Last night’s episode of "Gold Rush" gave fans a recollection of the previous season of this show prior to the season start on Friday, October 25. The episode was titled “The Million Dollar Season.”
They recall how the four crews fared in Alaska and the Yukon in search of this prized element that has been a symbol of wealth before the recording of time. Prior to the last season, Todd Hoffman predicted a million-dollar season, and to make this possible; Todd and Dave Turin split into two teams to better their chances. With investors breathing down his neck, Todd had to do whatever to make this happen.
In southeast Alaska, a seventeen-year-old mine boss, Parker Schnabel wanted to prove that age did not matter as he led his team on a mission to bring home the gold; his grandfather’s legacy.
In Porcupine Creek, the Dakota Boys, Fred and Dustin Hurt had their work cut out for them with the snowpack from the worst winter in fifty years. Their season target of 160 ounces was in jeopardy from the start. Their new plan included pumping out the glory hole. When a helicopter landed, a man from the U.S. Geological Survey took the guys for a ride to show them how much snow was in the area and when the weather warmed up, it could be the worst flooding ever in the entire area. This could cause massive damage, and all of their equipment could be washed into the river. When Fred told the man, he was hoping to drain the glory hole, he was told it was not advised at this time.
Parker Schnabel is in his second year running the Big Nugget mine. Last season, his 300-ounce goal fell short, but 192.26 ounces was enough to ensure another season. The melted snowpack made roads treacherous and impassable. Parker decided to build a road to the top of Smith Creek hill using the profits from his first 80 ounces of gold.
Todd stayed at Quartz Creek and Dave and his crew tackled the new claim at Indian River. Between the two teams, they proceeded to see which team could outdo the other. Team Turin at Indian River had a running wash plant, but at Quartz Creek, things were grim. The sophisticated trammel that Todd ordered did not arrive yet, forcing them to run their old barely-usable little blue that seemed to be losing more gold than collecting. When Jason Otteson, their chief investor arrived, he was not happy to see the men idle. When he called Todd, he was ready to pull the plug on the whole operation. He gave Todd three weeks to get 100 ounces or the operation was over.
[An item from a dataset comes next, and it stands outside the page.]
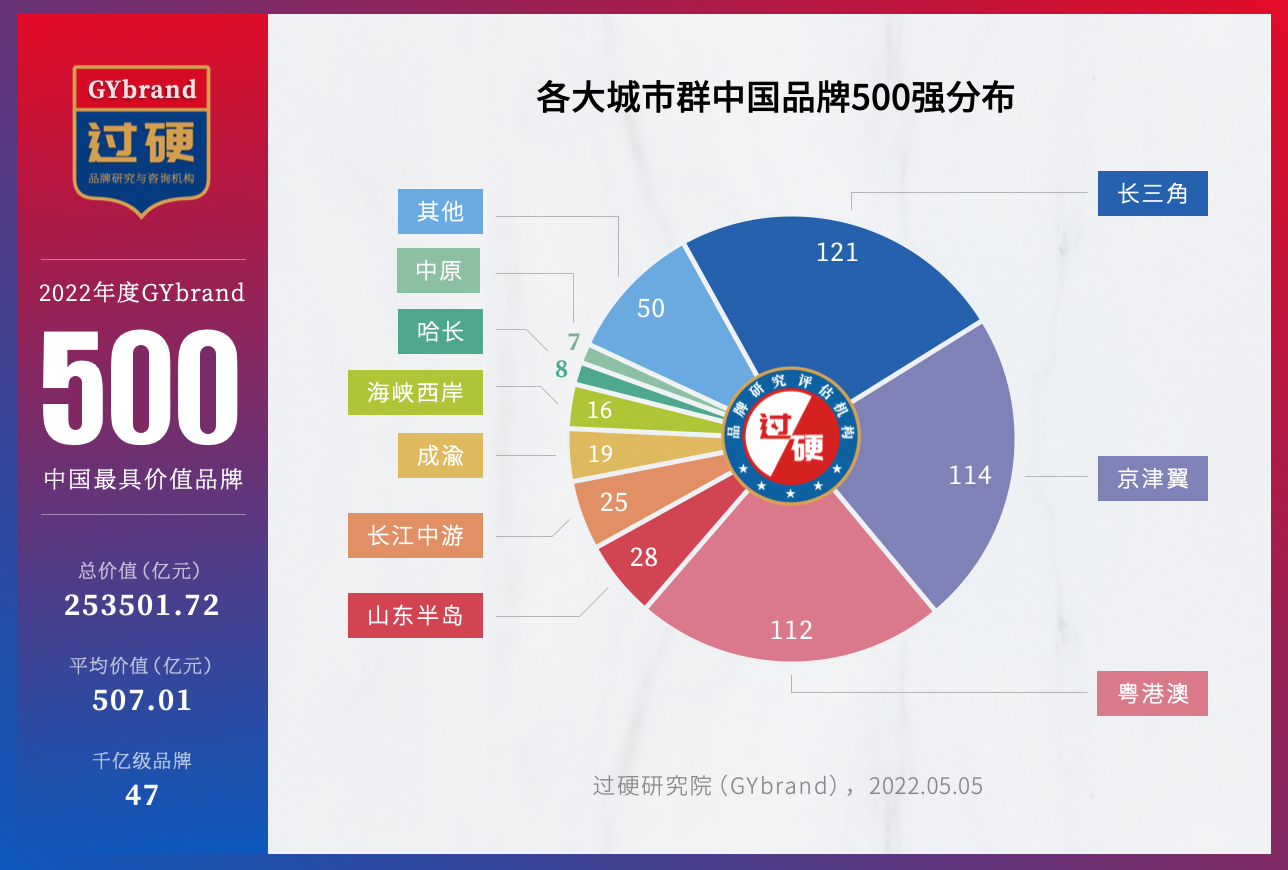 中国ip价值榜 游戏榜_中国品牌价值榜_中国品牌价值百强榜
At Porcupine Creek, they could not pump out the glory hole. After 75 days, their season target of 160 ounces only got them 8.5 ounces. Fred then found a hollow in the bedrock, and his intuition told him it contained gold; he went for it, against Dustin’s suspicions. Fred was right; they found another 18.7 ounces there.
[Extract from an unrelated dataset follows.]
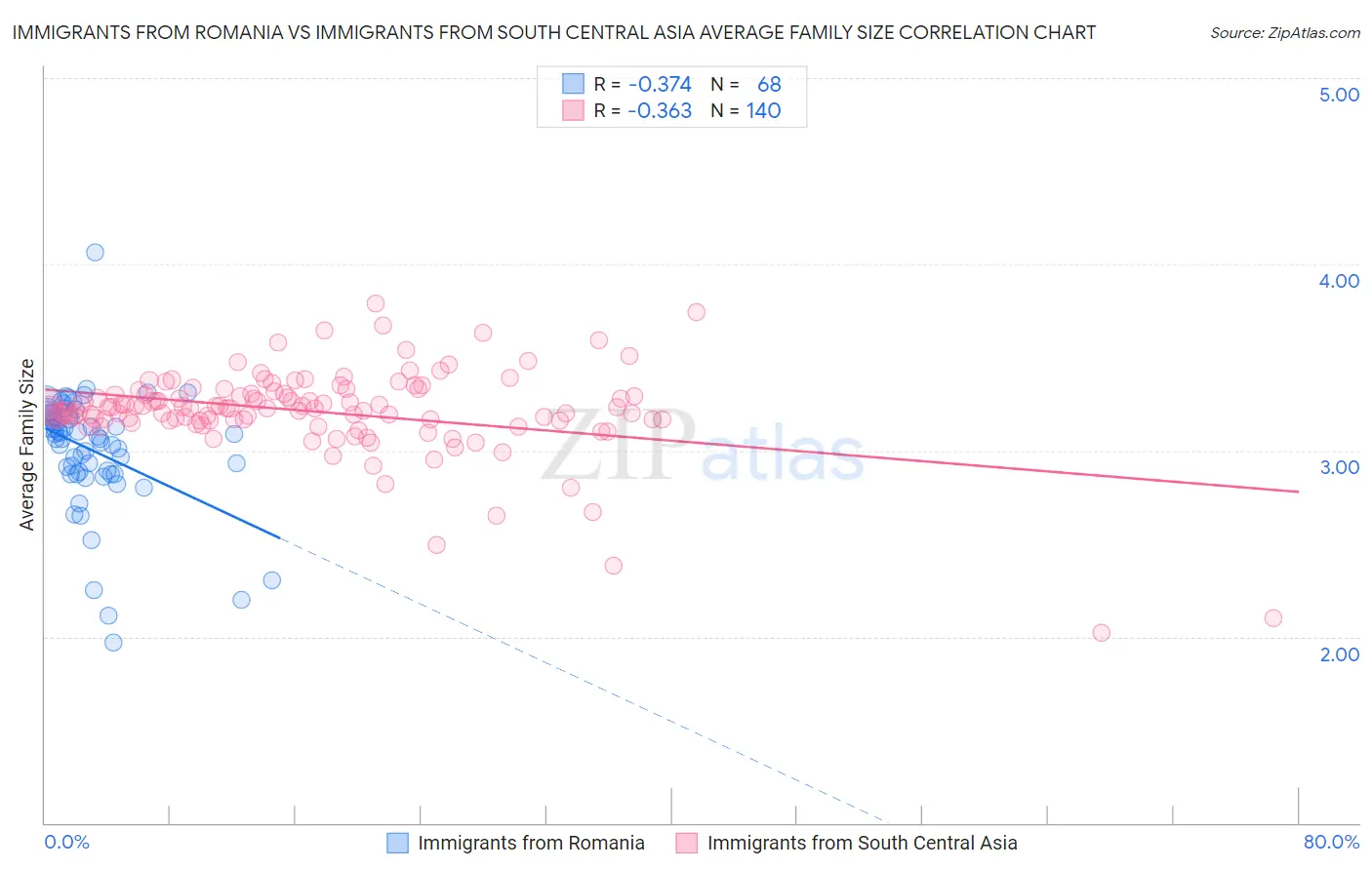 Immigrants from Romania vs Immigrants from South Central Asia Average Family Size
In the Klondike, they already had 30 ounces of gold, and Todd’s super wash plant finally arrived. After twenty-minutes of the first run, they spotted a serious problem; the motor was smoking because the horsepower was not high enough to handle the load. Waiting for a new motor could take weeks. With Jason on his way, and Indian River with 93 ounces of gold, they were still seven ounces short of pulling the plug. They had to ask the Turin crew to find them seven more ounces to salvage the operation. Finally, they hit the one hundred and saved the season.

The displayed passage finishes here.